Frontline Report: Battlegroup Italia

no comments

With the release of Campaign: The Western Desert almost upon us, we asked our master metallurgist and head caster Pete H to show off his fantastic Battlegroup Italia and give us his thoughts on how to best use it in your games of Bolt Action.

Frontline Reports: Pete's Battlegroup Italia

Battlegroup Italia

G’day and Ciao Warlord aficionados!

Welcome to my take on a kick arse Italian battle group.

Why Italians you ask?

Look at these photos and tell me that’s not some cool stuff there! Add some hard as nails infantry with a field gun or two and you are formidable.


Besides, it is a game we play not real life, can you guarantee your next 2d6 roll?!

I’ve watched for 4 turns as a tank and an SPG shot at each other across the table and neither could hit a high note let alone the other vehicle!

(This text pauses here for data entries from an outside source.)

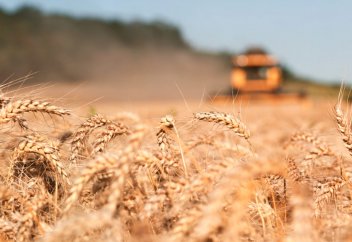 Шаруаларға суды үнемдеуге мүмкіндік беретін технология пайда болды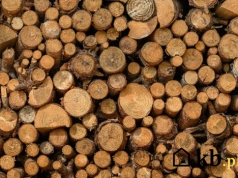 Myślisz, że każde drewno grzeje tak samo? Porównaliśmy rzeczywiste dane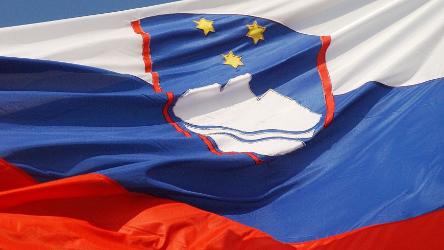 Council of Europe Congress observed local elections in Slovenia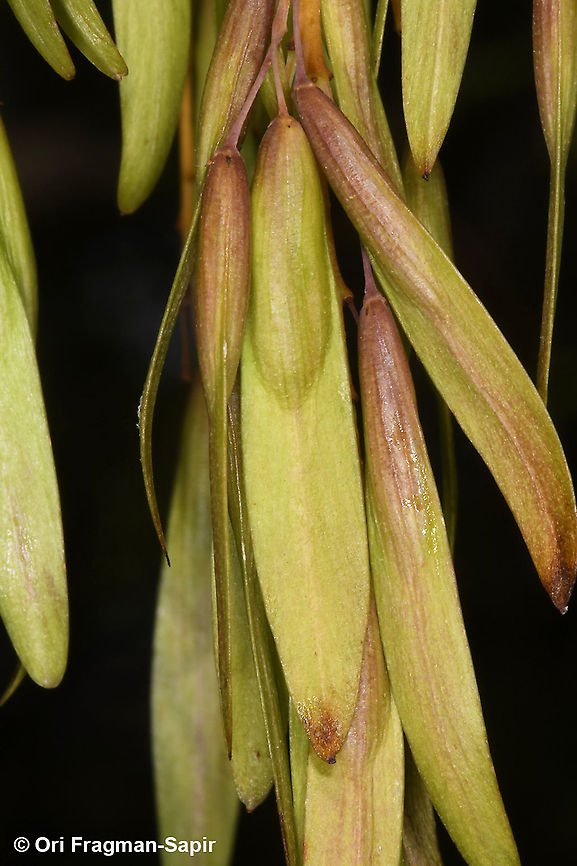 Fraxinus ornus  Fall,Fraxinus ornus,Geotagged,Greece,South European flowering ash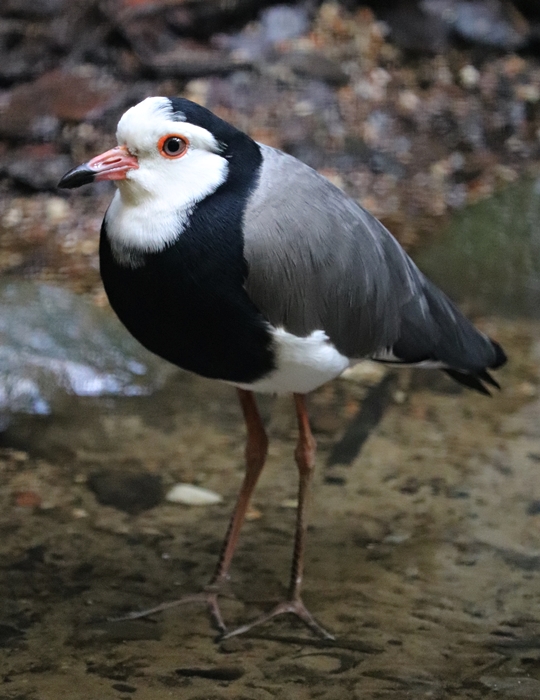Long-toed lapwing (Vanellus crassirostris)
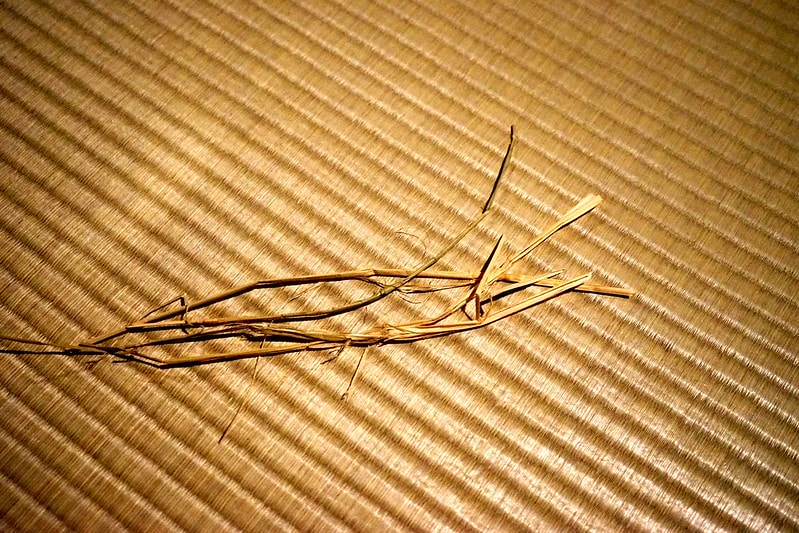 20251102-mu13c 20251102-mu13c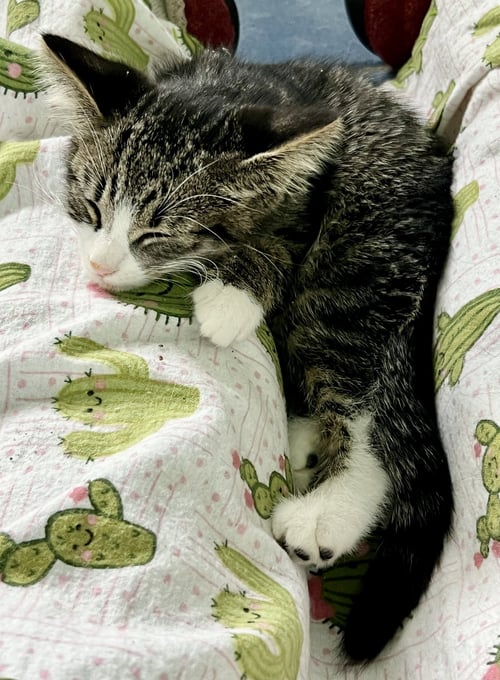 TOASTY (FCID# 05/19/2026-75 GLEN MILLS PS) - Domestic Short Hair available for adoption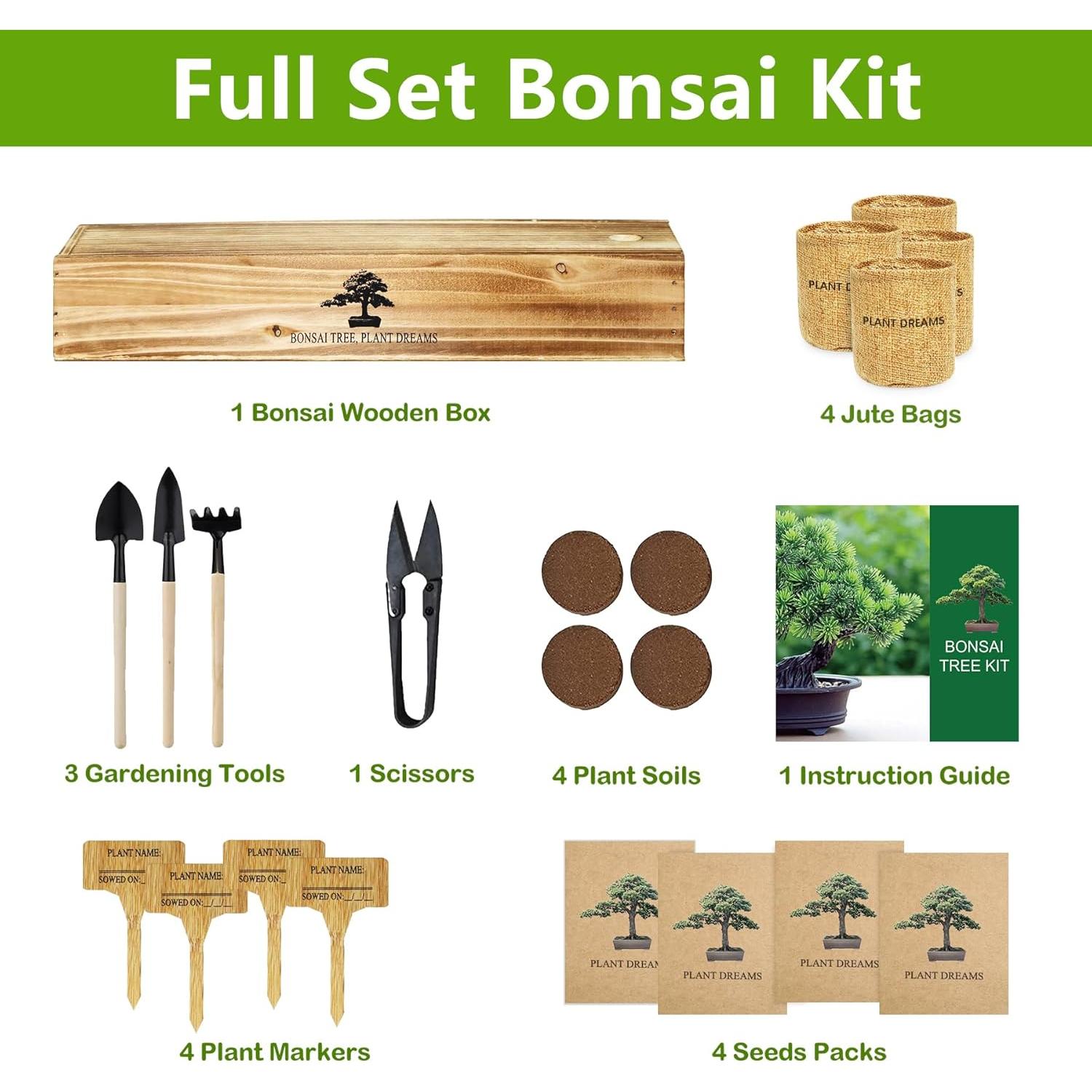 Kit de Bonsai Completo para Principiantes - 4 Semillas y Herramientas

Picture of Pete's Battlegroup

I would like to see a game with just the Italian version of the LRDG/SAS and the established British LRDG/SAS’ it would need to be a big table game. I say this because it needs to be a game of movement in my opinion. If you take on the challenge send me some photos and opinions.

The vehicles look great when painted up, even by an amateur like myself, and nobody else will have them so you will be the envy of your gaming compatriots.(That last bit might not be entirely true).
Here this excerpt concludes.